Assignment — Make an exact copy, without pictures, of the lines below from the one containing "Чехол для iPhone" to the last line, both ends included.

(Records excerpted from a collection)
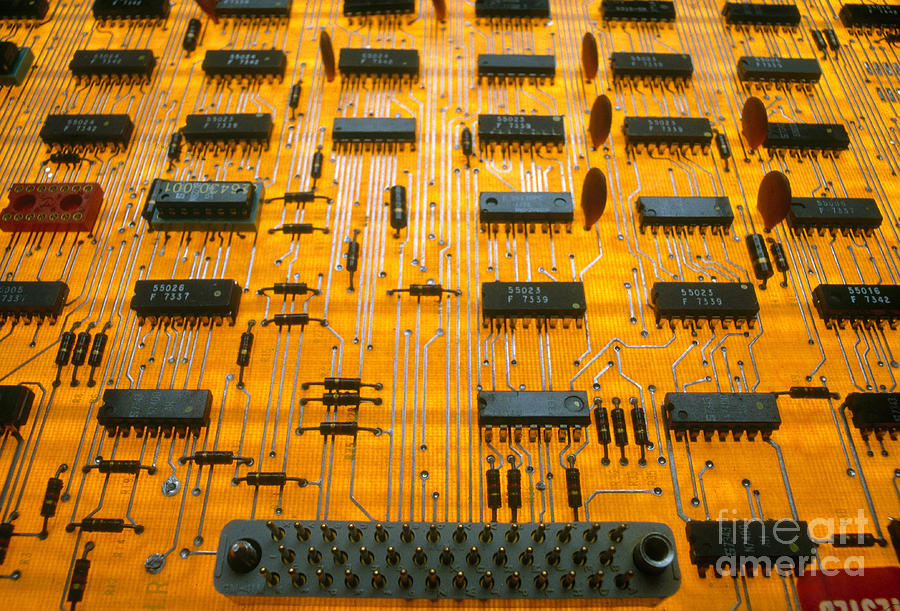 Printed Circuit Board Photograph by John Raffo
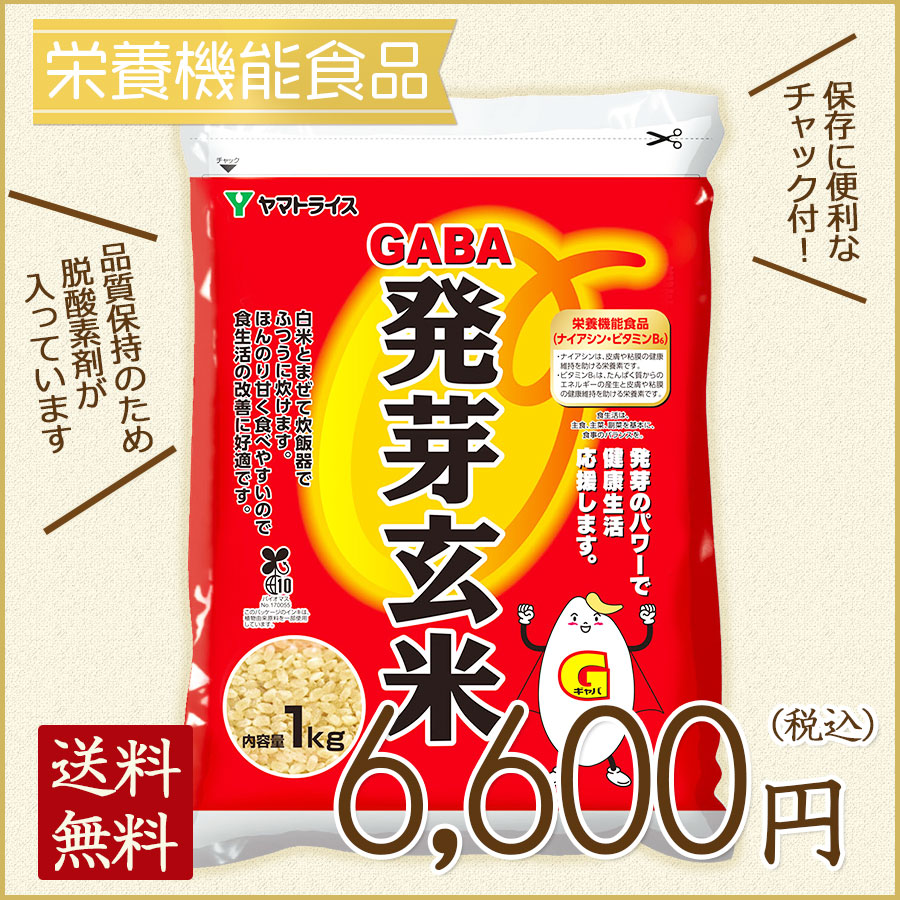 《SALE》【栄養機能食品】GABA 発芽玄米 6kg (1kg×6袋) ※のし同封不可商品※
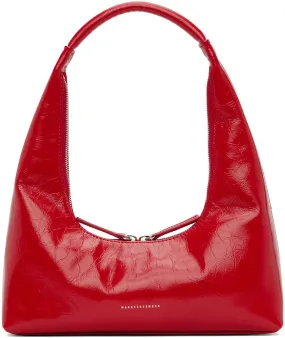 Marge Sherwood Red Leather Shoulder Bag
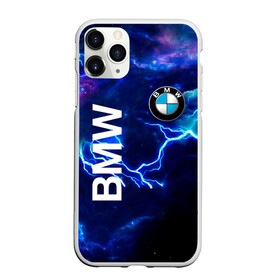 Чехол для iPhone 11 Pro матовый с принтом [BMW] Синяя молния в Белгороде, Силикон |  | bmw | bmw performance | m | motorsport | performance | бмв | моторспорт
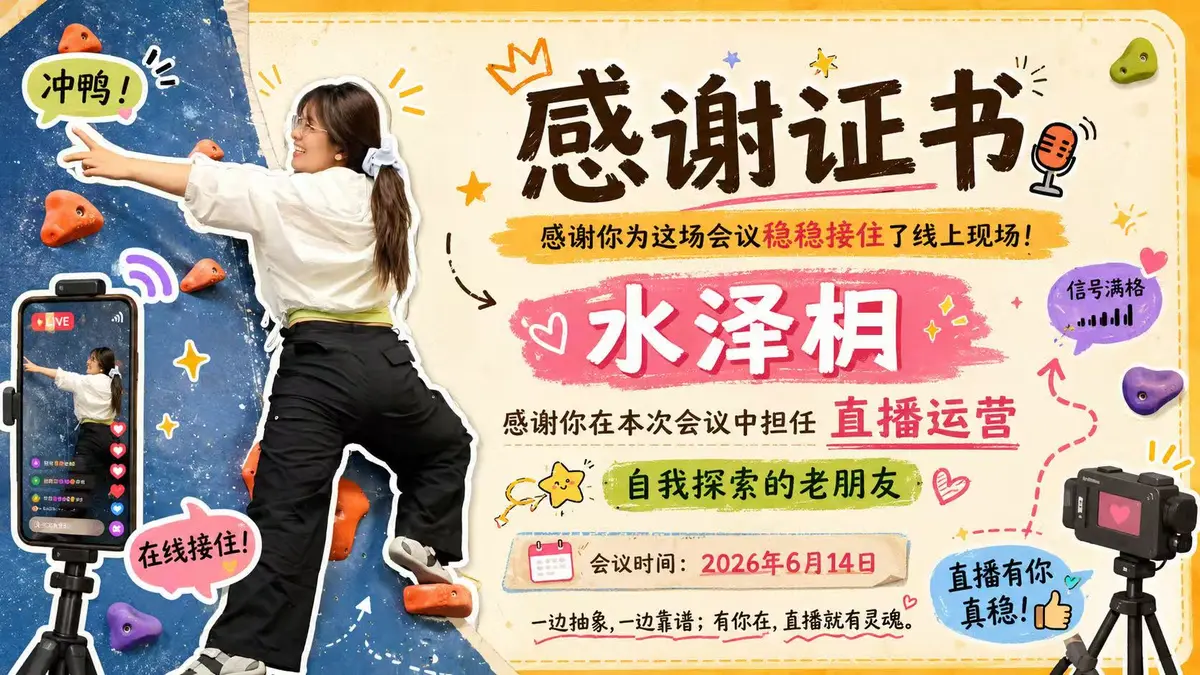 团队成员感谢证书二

Your response —
 Чехол для iPhone 11 Pro матовый с принтом [BMW] Синяя молния в Белгороде, Силикон |  | bmw | bmw performance | m | motorsport | performance | бмв | моторспорт
 团队成员感谢证书二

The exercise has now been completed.